CoreOS — How to Run a RethinkDB Cluster

CoreOS is suited for all kinds of use cases. In the previous blog posts we’ve shown you how to submit and run a Node.js application inside a Docker container on a CoreOS cluster and also how to scale this Node.js app to multiple instances across the cluster.

This guide will show you how to run multiple database instances on a CoreOS cluster. For that, we’re going to kick off a RethinkDB cluster.

CoreOS Series Overview


This guide is a hands-on guide. That means, you can directly use the code snippets and commands on your own CoreOS cluster to test the functionality. To do so, you need to have a running CoreOS cluster and at least (SSH) access to one of the machines within the cluster.

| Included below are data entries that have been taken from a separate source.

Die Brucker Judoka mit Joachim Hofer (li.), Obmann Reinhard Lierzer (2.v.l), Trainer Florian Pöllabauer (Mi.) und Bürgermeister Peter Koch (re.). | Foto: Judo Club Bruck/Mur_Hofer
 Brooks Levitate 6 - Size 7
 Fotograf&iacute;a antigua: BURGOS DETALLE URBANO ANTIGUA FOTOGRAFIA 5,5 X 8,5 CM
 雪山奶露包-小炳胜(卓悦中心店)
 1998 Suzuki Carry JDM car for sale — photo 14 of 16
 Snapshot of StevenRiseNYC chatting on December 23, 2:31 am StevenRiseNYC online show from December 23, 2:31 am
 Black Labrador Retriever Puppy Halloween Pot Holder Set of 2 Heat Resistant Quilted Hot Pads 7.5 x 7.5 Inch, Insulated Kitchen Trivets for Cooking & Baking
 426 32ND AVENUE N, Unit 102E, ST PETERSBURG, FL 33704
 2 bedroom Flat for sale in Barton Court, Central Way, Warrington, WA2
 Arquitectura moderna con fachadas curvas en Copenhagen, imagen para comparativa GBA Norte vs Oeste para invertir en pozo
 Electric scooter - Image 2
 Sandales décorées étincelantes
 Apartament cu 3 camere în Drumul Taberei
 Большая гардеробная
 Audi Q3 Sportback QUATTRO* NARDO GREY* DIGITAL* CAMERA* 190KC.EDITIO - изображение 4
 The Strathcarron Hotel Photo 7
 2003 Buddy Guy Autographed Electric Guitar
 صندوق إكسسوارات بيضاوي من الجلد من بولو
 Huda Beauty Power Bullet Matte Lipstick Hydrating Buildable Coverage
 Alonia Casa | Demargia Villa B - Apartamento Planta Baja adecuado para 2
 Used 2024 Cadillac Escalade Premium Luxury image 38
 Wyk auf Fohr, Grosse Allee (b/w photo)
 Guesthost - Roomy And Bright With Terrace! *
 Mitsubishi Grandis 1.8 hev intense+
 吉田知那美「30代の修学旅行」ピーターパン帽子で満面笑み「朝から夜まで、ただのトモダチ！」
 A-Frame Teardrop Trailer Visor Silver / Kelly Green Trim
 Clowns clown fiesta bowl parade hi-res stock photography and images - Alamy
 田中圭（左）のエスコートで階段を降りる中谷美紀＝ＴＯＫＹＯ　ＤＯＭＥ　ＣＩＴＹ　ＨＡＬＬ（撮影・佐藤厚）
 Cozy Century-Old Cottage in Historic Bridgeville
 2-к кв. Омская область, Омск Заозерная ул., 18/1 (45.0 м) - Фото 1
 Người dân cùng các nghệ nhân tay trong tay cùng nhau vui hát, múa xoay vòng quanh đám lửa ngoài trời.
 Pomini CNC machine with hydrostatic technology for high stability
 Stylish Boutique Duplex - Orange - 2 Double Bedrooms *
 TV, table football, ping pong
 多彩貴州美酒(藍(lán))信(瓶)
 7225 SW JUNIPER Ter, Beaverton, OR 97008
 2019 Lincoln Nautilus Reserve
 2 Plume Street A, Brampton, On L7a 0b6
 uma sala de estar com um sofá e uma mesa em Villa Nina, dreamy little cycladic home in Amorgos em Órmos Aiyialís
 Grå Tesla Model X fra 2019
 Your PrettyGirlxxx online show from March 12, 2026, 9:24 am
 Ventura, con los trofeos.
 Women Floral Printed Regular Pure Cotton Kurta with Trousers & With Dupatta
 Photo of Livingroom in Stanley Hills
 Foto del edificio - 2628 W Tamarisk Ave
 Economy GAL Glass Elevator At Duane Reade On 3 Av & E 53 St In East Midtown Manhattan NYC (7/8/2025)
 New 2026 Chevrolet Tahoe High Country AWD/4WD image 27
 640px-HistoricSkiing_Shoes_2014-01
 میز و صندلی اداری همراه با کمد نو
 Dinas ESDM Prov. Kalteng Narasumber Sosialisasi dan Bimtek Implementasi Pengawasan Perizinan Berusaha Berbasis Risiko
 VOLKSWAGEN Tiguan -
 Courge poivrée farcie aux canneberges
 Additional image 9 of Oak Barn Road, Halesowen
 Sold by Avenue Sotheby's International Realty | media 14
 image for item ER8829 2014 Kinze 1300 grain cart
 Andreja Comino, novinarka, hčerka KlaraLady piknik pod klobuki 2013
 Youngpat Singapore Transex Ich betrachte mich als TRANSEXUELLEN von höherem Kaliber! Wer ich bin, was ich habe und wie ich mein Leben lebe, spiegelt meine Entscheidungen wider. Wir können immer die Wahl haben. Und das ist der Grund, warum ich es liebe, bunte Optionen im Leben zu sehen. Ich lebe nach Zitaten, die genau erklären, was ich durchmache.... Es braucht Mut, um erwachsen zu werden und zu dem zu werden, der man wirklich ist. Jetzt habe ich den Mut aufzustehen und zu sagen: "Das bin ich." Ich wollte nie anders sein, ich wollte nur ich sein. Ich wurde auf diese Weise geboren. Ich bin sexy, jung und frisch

If you don’t have a CoreOS cluster set up yet, follow this guide on how to create a new one and move on when you’re done.


  • a running CoreOS cluster

If you’ve read the previous articles within this series of CoreOS posts, you may think that we need a Docker container image that we can submit and execute on the CoreOS cluster. You’re right: we need a container image. Nonetheless, the RethinkDB team already did the work for us and because we just need a pure database, it’s totally sufficient to use the plain RethinkDB container from Docker Hub.

Create Unit Files

The hands-on part is starting now. We’re jumping right in and create the required unit files. We’ll create two unit files: the discovery service and the actual RethinkDB instances. With the help of the discovery services, we’ll spread the word about the instances and announce them to etcd by saving the unit id.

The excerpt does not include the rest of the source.